I recently had the chance to do some puzzle testing for Tanya Thompson at ThinkFun. If you're not familiar with ThinkFun, they're an awesome company that is responsible for bringing a lot of interesting puzzles to the masses. They're probably most well known for Rush Hour, but they have a large product line of other great puzzles as well, many of which have won numerous awards.
One of the products I tested was the 2011 refresh of River Crossing. It has a completely new set of 40 challenges, so they had some testers going through them to make sure they were classified appropriately and to see what we thought. In other ThinkFun news, they are also releasing 2011 refreshes of Rush Hour, Tip Over, and Chocolate Fix! Each will have all new challenges, so that should be plenty to keep you busy for a while.
River Crossing, and I was quite interested to see how it stacked up against the refresh.

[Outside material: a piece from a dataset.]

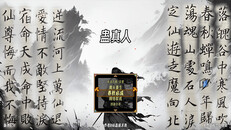 Interview / Dev Diary | 大型记录片蛊真人游戏传奇持续为您播出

In River Crossing, the objective is to get the Hiker from one side of the river to the other. There are stumps that are arranged throughout the river and planks that connect the stumps. The Hiker can pick up planks and put them down, but they must fit exactly between the two stumps (the planks are 1, 2, and 3 units long). The only catch is that he can only move planks that he can walk to: no hopping between the stumps. A bit confusing to explain, but it is quite intuitive: you can even try out a few challenges on the ThinkFun website. The puzzle concept was designed by Andrea Gilbert (check out more puzzles on clickmazes.com) and the physical version was created by Bill Mitchell. Graham Rogers and Serhiy Grabarchuk also contributed.
To make it easier to play, the planks have magnets in them, and so does the hiker. This lets you use the hiker to pick up the planks, which was pretty handy. It also keeps him from falling off while you're thinking. Tanya mentioned that the refresh wouldn't have magnets, so I'll be interested how it compares.
The puzzle comes with a plastic base with a bunch of holes in it, and the challenge cards are large enough to fit over the base. There are holes in the challenge card where the stumps are supposed to be inserted. The starting location for the planks is indicated by a shadow, though the shade of the shadow isn't much different from the shade of the water, so on several occasions I forgot to insert a plank.
It can take 30 seconds or so to switch challenges because you need to pull out the stumps, switch the card, and then put the stumps in. This isn't too bad, but for the easier ones you might spend as long setting the puzzle up as you do solving it.
Since I did the testing of the refresh the online version of the puzzle, I was quite interested to see how the physical version worked. In all, I think they did a really good job of it: the pieces fit snugly and it is easy to pick up the planks with the magnetic hiker. It takes a bit of getting used to, but is quite efficient once you do a few challenges. The hiker's bold hands-on-hips stance is quite fitting and cute graphics on the challenge cards are also nice.
The challenges are very well classified into different difficulty levels. I thought that they did a particularly good job in the first few Beginner challenges. Each one teaches you a little bit more, so you're sure that you understand the rules. The difficulty gradually ramps up as the complexity increases and you need to add more tricks to your repertoire.
I think that since I had already gone through the 40 challenges in the refresh, I found the original version to be a bit easier than I would have otherwise. I think I got through the whole thing in about 2 hours, and it probably would have taken me another hour or two if I didn't have some practice on this type of puzzle first. Still, I think these puzzles are slightly easier than the ones in the 2011 refresh: the refresh had a few that stumped me for 20+ minutes, which is a good thing as far as I'm concerned.
This puzzle was good at demonstrating how thinking backwards from the solution can help you solve a sequential problem. Sometimes it isn't obvious how to start out, but you can see how the end must go and work your way backwards. Even with this tactic, the advanced challenges can be pretty tricky!
I enjoyed it so much that I purchased River Crossing 2. I'll write a separate review of that later, since I'm still working on it. It is more difficult and adds two new types of challenges that are quite interesting as well.
Overall, River Crossing is a very cool puzzle and quite reasonably priced. Definitely check it out if you're into this type of puzzles!